Pitted against the double-whammy of falling rupee and plunging share prices, foreign investors are estimated to have taken a hit of over Rs 2 lakh crore in 2011 on their investments in Indian stock markets.
Once a darling of overseas investors for its impressive returns, the Indian equity market turned into a money-guzzler for institutions from abroad in 2011, and the outlook does not seem bright for the new year as well.
It is not the amount of the net outflow by FIIs (foreign institutional investors) alone, which makes 2011 a bad year for Indian stock markets.
The quantum of losses suffered by FIIs were also large and the depreciation in their investment value was also much larger than that for the domestic investors, owing to a plunge in the rupee valuation against the US dollar and other foreign currencies.
According to market regulator Securities and Exchange Board of India (SEBI), FIIs purchased stocks worth more than Rs 6 lakh crore during 2011, but sold shares worth a higher amount - resulting into a net outflow of over Rs 2,700 crore for the year.
In comparison, Indian equities had witnessed a net FII inflow of over Rs 1.3 lakh crore in the previous year, 2010.
Also, FIIs took a hit of 36 per cent on their investments during 2011, as measured by the movement in the BSE’s Dollex inidex (which tracks the barometer index Sensex in the US dollar terms for foreign investors).
Taking into account a gross purchase of shares worth Rs 6.11 lakh crore by FIIs in 2011, the total hit for them is estimated at over Rs 2 lakh crore.
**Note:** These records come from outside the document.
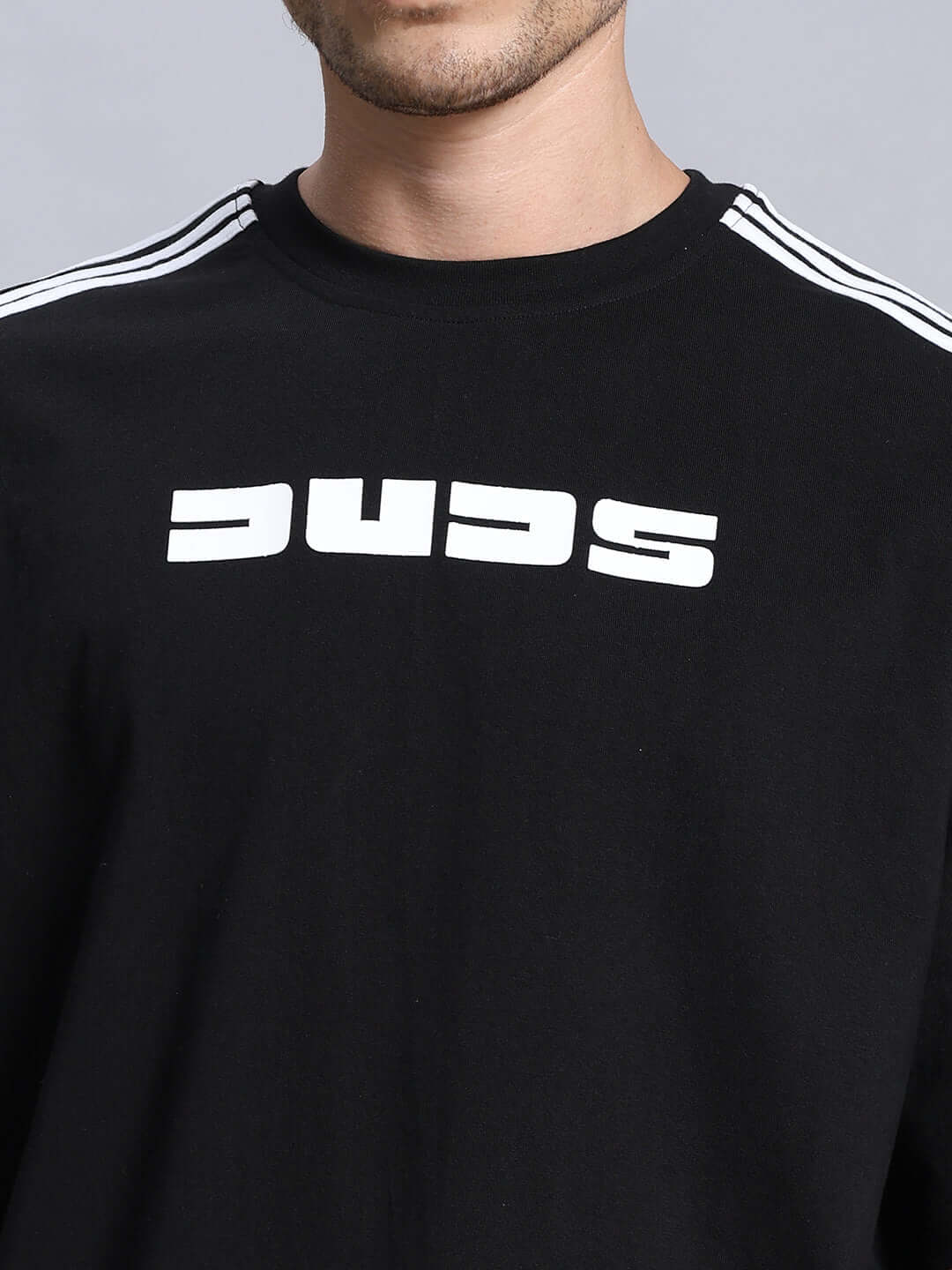 Close-up of a black sweatshirt with white text design on the front and striped detailing on shoulders.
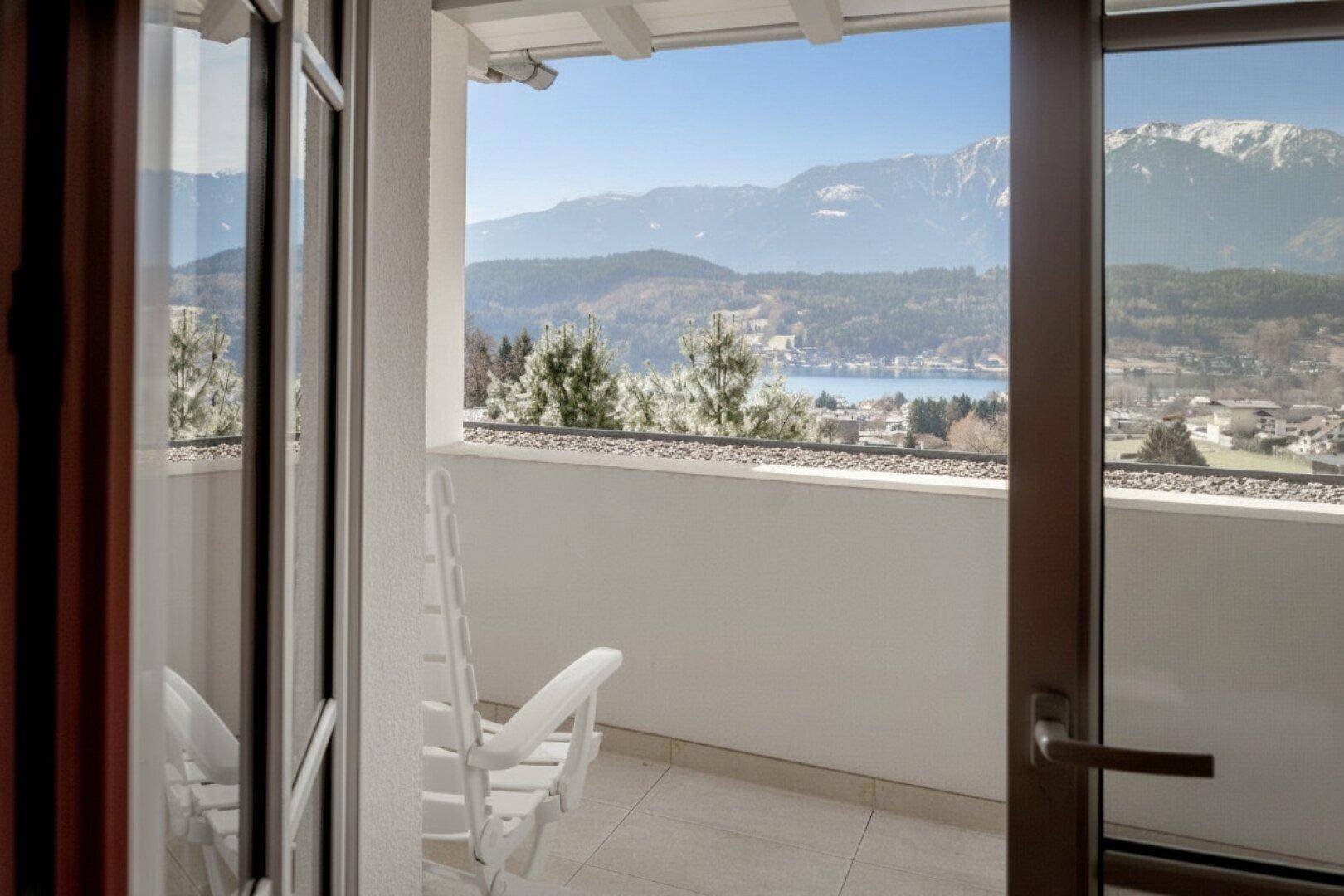 Privater Balkon mit Sitzgelegenheit und weitem Blick auf den See und die Berge.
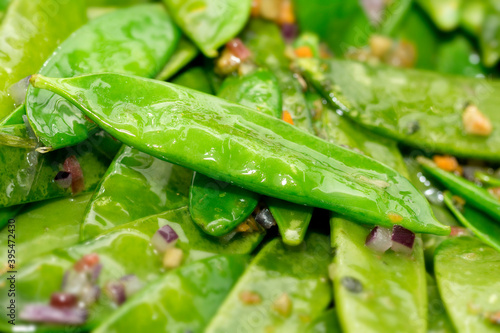 Mange tout with an onion dressing photo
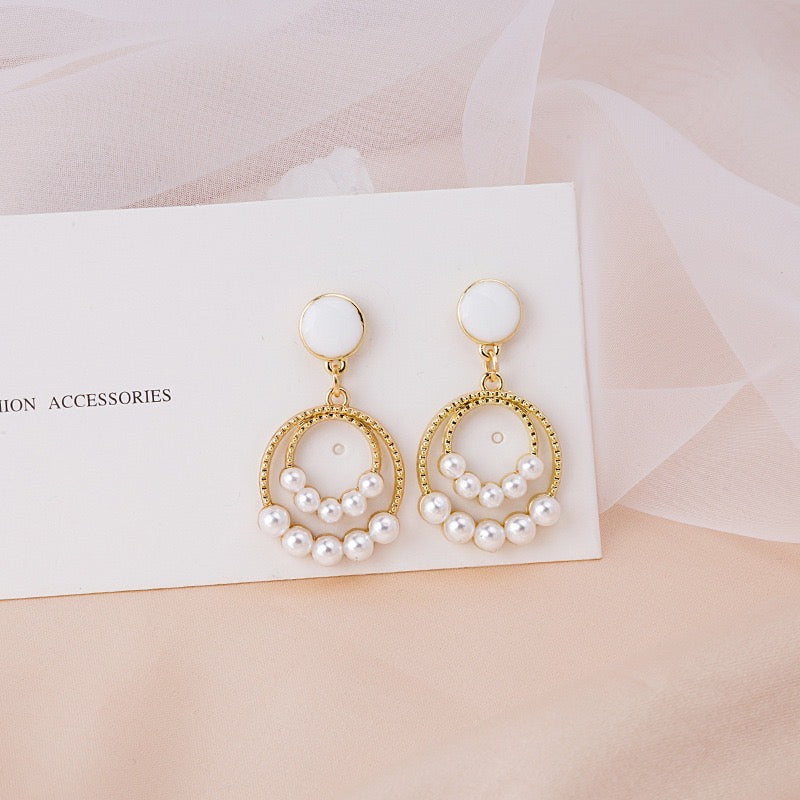 Elegant dual hoop earrings featuring artificial pearls, crafted from alloy and S925 silver.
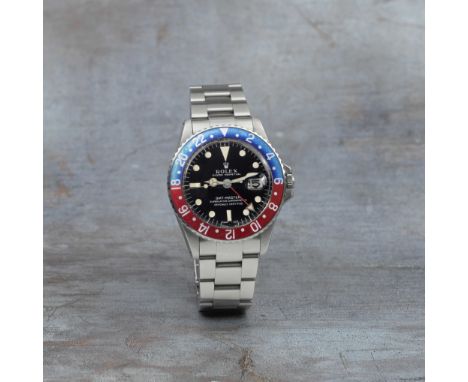 Rolex. A stainless steel automatic calendar bracelet watch with dual time zoneModel: GMT-Master 'Pepsi'Reference: 1675Date: C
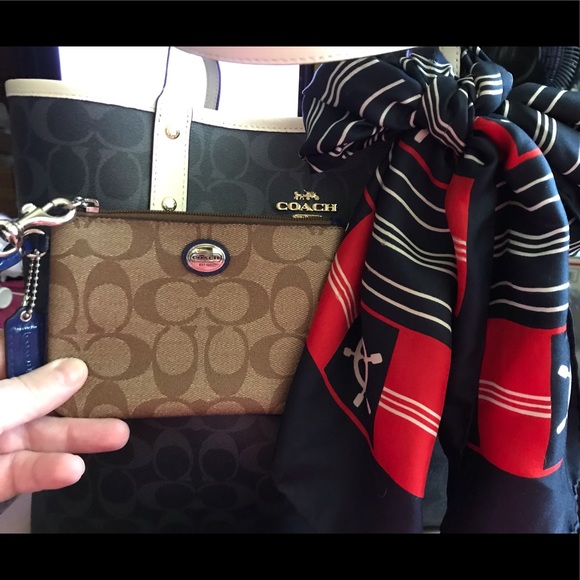 Handbags - Coach wristlet from Spirit of love.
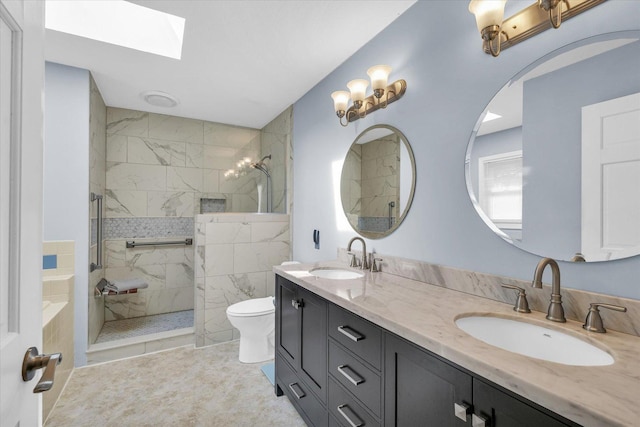 bathroom with vanity, toilet, a skylight, and a tile shower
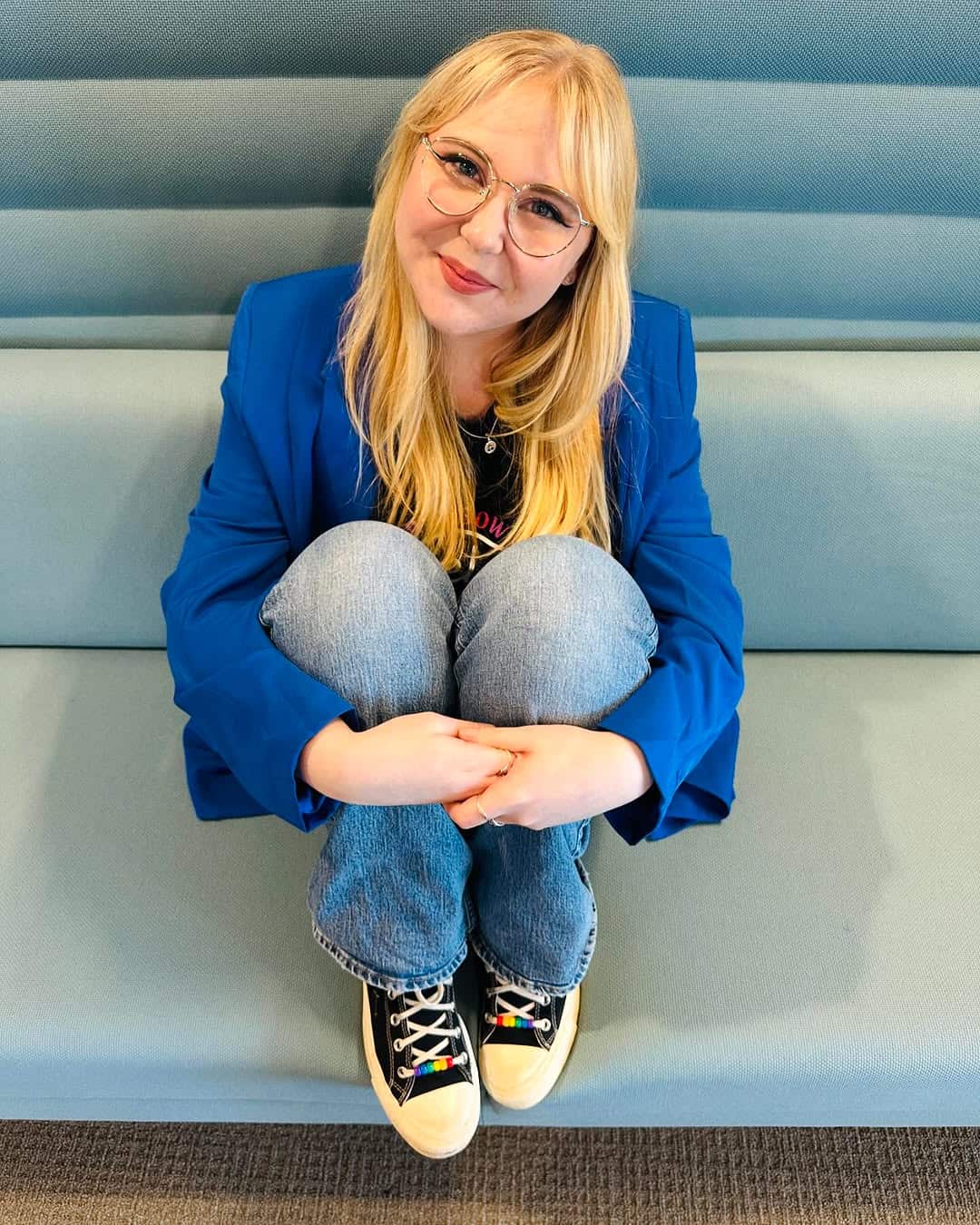 A young girl is wearing jeans and a blue shirt, sitting down on a couch smiling with her hands joined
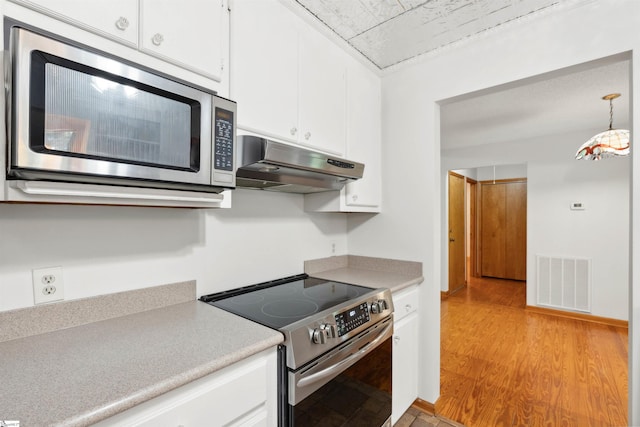 kitchen with appliances with stainless steel finishes, white cabinetry, and light hardwood / wood-style floors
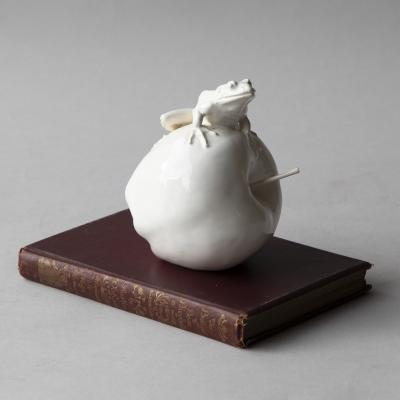  Jean Paul Gourdon SCULPTURE OF A SMALL FROG SITTING ATOP AN APPLE IN GLAZED WHITE FA ENCE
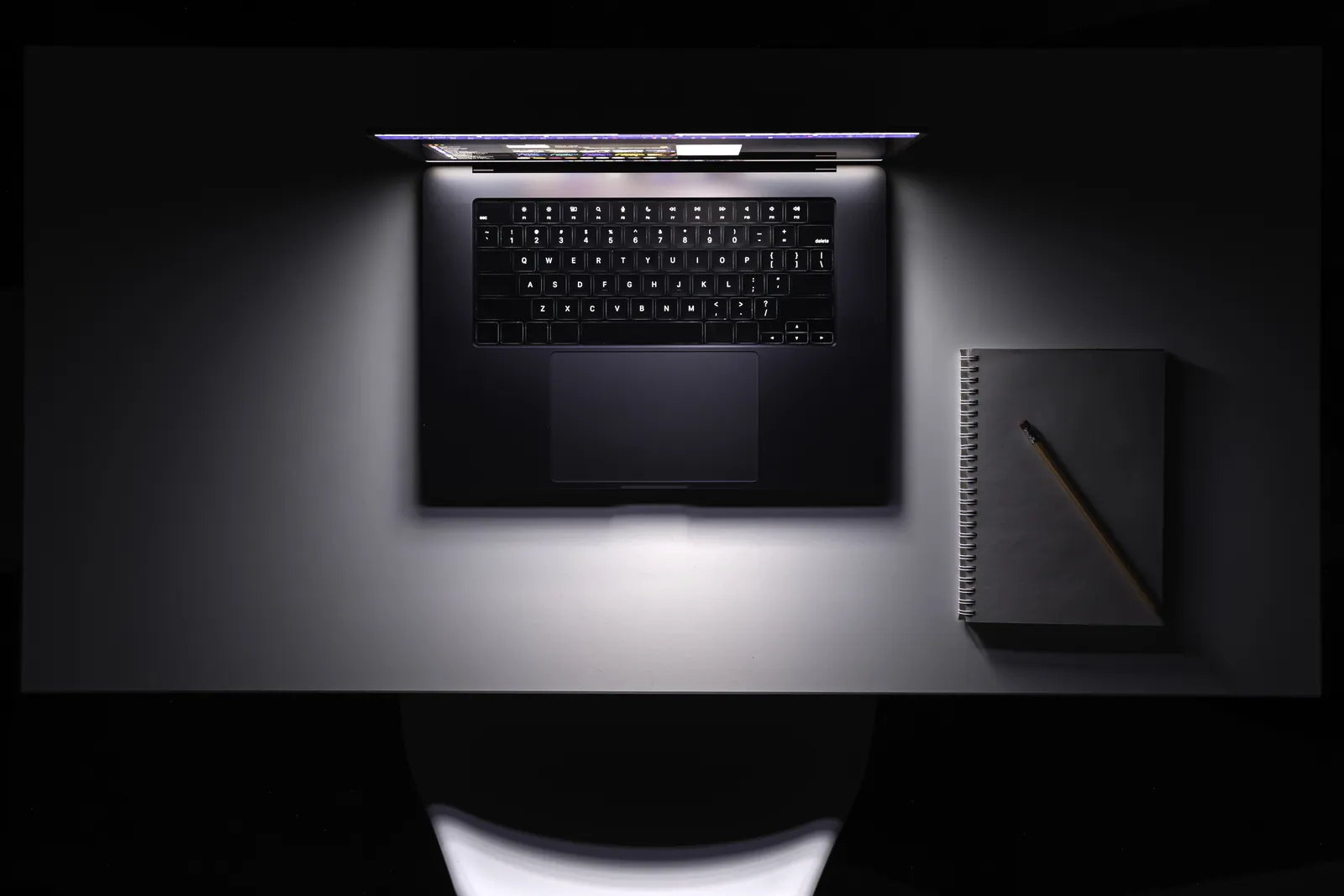 Aufgeklappter Laptop mit beleuchteter Tastatur neben einem Notizbuch mit Stift auf einem dunklen Tisch
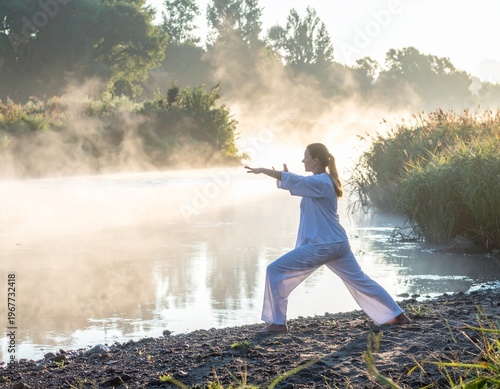 Wallpaper Mural Woman Practicing Tai Chi by Misty River at Sunrise. Torontodigital.ca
They accounted for about 10 per cent of total losses of Rs 19.45 lakh crore for the entire stock market.
The capital poured in by the FIIs has often been called ’hot money’ because of its unpredictability, but these overseas entities have still been among the most important drivers of Indian stock markets.
During 2011, the FIIs were seen shifting their loyalty to the debt market and infused Rs 42,067 crore. This helped India get a net FII inflow of Rs 39,353 crore for the year, while taking into account both stocks and debt securities.
Fears of a global economic slowdown and domestic troubles with inflation, interest rates, lack of reforms and the falling rupee all collaborated to make the foreign investors cautious in 2011, the experts said.
Destimoney Securities’ Managing Director and CEO Mr Sudip Bandyopadhyay said, “Euro zone worries have pushed the Indian market into risk aversion mode and other emerging countries are performing better than India, so FIIs are staying from our market.”